JAKARTA, KOMPAS.com - Kementerian Sosial Republik Indonesia (Kemensos RI) membantah menerima suap maupun aliran dana dari perusahaan perangkat lunak asal Jerman, SAP SE.
Kasus dugaan suap SAP SE ke sejumlah pejabat di lingkungan pemerintah Indonesia menjadi sorotan setelah Department of Justice (DoJ) United States atau Kementerian Kehakiman Amerika Serikat (AS) merilis praktik suap perusahaan itu.
Tempus delicti atau peristiwa dugaan pidana itu terjadi pada 2015 sampai 2018.
“Saya tegaskan tidak ada dana dari luar atau dari SAP dan semacamnya,” kata Kepala Pusat Data dan Informasi (Kapusdatin) Kemensos, Agus Zainal Arifin dalam konferensi pers di kantornya, Jakarta Pusat, Selasa (16/1/2024) sebagaimana dikutip dari Kompas TV.
Baca juga: Mengenal SAP, Perusahaan Asal Jerman yang Diduga Suap Pejabat KKP dan Kominfo
Zainal menyebut, selama tiga tahun terakhir Kemensos tidak melakukan pengadaan barang dan jasa berupa software.
Sebab, perangkat lunak dikembangkan di internal untuk menghemat anggaran.
“Kita anggarannya sangat sedikit untuk mengatasi kemiskinan untuk dialihkan ke sana,” tutur Agus.
Selain itu, pengadaan software seperti dari SAP membuat Kemensos harus memiliki kontrak penuh.
Di sisi lain, Kemensos melihat pengembangan software disesuaikan dengan kebutuhan program pengentasan kemiskinan.
“Karena kebutuhan kan berubah-ubah terus dan akan makin baik-baik,” tutur Zainal.

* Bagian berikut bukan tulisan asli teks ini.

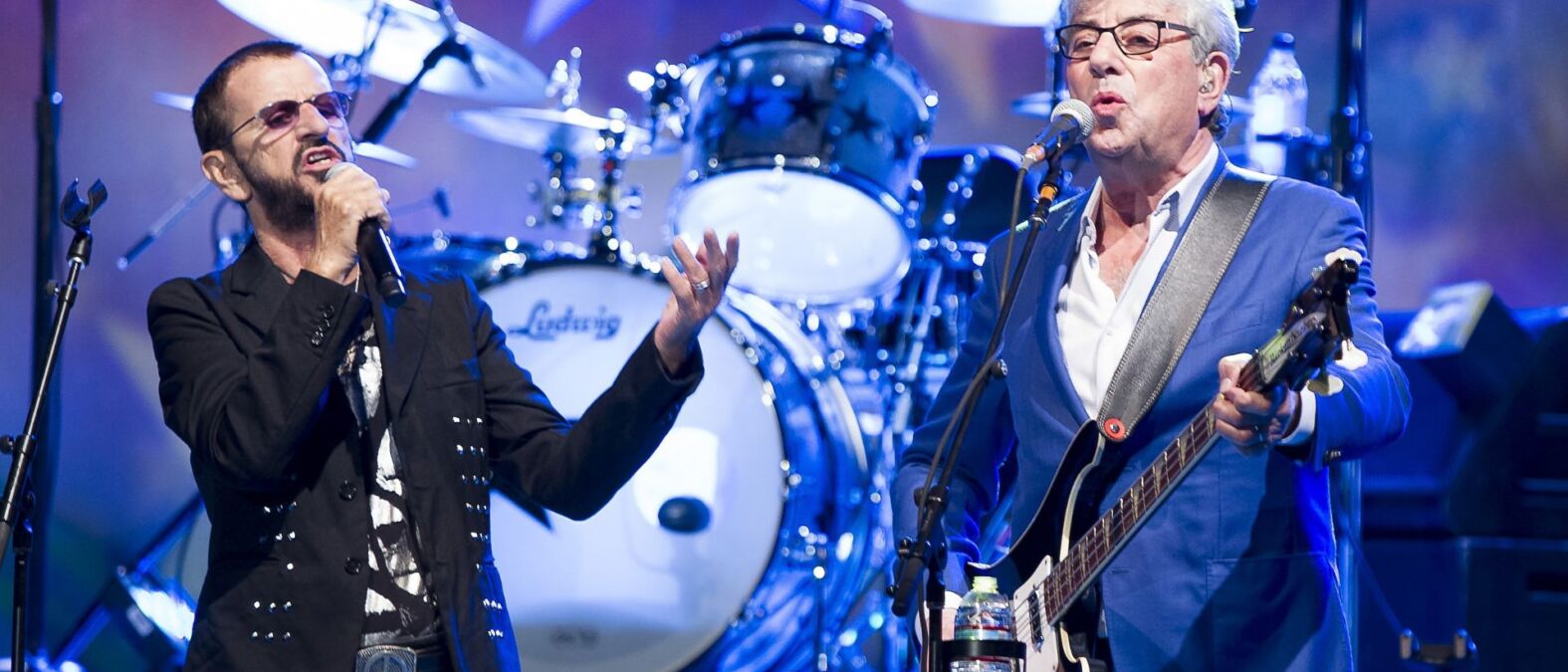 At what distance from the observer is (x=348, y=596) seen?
2.37m

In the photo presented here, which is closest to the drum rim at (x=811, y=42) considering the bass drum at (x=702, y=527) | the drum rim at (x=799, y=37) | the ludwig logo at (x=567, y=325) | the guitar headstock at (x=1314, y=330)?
the drum rim at (x=799, y=37)

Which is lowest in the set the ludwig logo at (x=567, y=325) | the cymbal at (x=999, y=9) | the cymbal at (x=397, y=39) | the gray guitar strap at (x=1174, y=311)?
the gray guitar strap at (x=1174, y=311)

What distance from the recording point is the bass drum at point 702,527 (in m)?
4.43

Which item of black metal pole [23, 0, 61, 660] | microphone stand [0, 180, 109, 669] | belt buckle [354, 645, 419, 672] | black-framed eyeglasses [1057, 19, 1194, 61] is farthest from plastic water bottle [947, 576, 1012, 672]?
black metal pole [23, 0, 61, 660]

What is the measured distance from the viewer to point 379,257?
231cm

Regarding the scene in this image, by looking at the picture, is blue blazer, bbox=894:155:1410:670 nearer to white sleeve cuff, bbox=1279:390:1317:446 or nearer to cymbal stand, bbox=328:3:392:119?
white sleeve cuff, bbox=1279:390:1317:446

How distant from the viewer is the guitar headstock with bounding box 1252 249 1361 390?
1884 millimetres

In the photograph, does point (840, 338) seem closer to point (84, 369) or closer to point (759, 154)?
point (759, 154)

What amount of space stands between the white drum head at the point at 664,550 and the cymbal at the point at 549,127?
3.22 ft

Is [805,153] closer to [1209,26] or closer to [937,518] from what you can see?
[1209,26]

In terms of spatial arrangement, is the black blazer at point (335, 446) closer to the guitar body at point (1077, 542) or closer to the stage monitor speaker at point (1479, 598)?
the guitar body at point (1077, 542)

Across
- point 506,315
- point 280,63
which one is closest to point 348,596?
point 280,63

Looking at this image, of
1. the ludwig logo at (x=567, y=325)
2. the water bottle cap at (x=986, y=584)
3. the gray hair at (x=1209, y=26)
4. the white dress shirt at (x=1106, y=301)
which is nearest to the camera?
the water bottle cap at (x=986, y=584)

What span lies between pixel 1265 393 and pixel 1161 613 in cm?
53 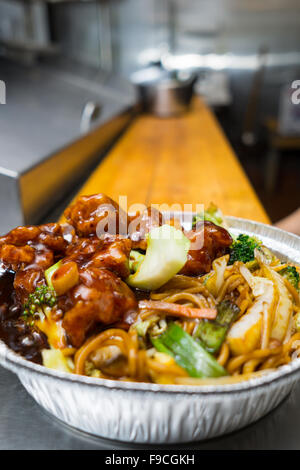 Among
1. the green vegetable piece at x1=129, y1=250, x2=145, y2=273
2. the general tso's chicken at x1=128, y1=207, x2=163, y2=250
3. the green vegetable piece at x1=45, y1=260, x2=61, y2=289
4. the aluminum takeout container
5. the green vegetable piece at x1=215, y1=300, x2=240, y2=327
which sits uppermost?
the general tso's chicken at x1=128, y1=207, x2=163, y2=250

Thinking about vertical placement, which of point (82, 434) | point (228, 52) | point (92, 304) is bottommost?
point (82, 434)

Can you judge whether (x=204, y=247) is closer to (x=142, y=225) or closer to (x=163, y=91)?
(x=142, y=225)

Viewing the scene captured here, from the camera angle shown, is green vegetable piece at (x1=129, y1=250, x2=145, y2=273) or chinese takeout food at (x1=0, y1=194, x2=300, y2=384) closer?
chinese takeout food at (x1=0, y1=194, x2=300, y2=384)

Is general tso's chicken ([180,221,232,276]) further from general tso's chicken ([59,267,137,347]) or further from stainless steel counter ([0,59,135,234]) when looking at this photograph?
stainless steel counter ([0,59,135,234])

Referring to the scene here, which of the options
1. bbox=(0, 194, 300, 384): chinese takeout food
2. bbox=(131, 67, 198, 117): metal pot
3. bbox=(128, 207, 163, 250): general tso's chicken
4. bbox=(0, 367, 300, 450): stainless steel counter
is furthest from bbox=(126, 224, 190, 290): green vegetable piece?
bbox=(131, 67, 198, 117): metal pot

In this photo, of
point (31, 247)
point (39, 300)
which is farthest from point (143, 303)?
point (31, 247)

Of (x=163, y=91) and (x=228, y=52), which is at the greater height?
(x=228, y=52)

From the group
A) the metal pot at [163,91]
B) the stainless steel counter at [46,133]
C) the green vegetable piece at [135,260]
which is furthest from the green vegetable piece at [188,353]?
the metal pot at [163,91] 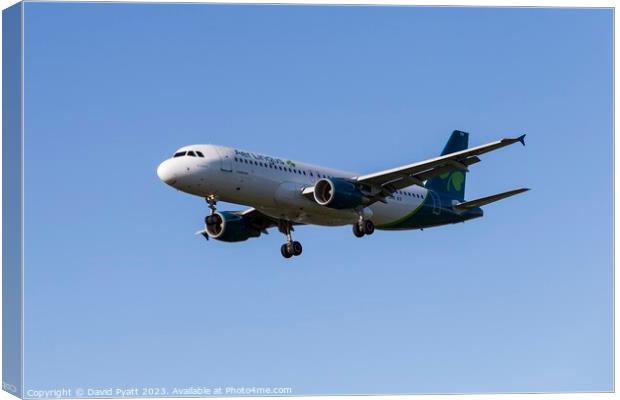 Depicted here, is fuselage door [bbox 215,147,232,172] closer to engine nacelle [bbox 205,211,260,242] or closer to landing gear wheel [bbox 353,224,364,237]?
engine nacelle [bbox 205,211,260,242]

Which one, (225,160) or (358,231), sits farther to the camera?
(358,231)

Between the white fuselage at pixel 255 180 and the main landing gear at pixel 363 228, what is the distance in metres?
0.41

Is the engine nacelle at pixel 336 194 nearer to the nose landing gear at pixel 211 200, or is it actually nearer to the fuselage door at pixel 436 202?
the nose landing gear at pixel 211 200

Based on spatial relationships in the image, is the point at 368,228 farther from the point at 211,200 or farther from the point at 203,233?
the point at 203,233

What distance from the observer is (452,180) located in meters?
60.8

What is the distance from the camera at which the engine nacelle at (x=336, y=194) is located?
1967 inches

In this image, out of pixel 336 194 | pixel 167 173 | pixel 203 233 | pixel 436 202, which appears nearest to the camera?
pixel 167 173

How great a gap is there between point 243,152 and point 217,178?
207cm

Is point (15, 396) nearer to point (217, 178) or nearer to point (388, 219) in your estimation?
point (217, 178)

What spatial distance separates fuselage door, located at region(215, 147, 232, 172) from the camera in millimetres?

Pada kesempatan yang sama, staf Khusus Menteri bidang Pengembangan SDM dan Program Kemensos, Suhadi Lili mengatakan, produk SAP yang disebut ada di Kemensos adalah application tracking system (ATS).
Baca juga: Soal Dugaan Suap SAP Jerman ke Pejabat KKP, Trenggono: Sedang Diidentifikasi
Software ini digunakan untuk melakukan rekrutmen.
Namun, ketika pihaknya mengecek keberadaan software itu pada daftar barang milik negara (BMN), perangkat lunak itu tidak ada.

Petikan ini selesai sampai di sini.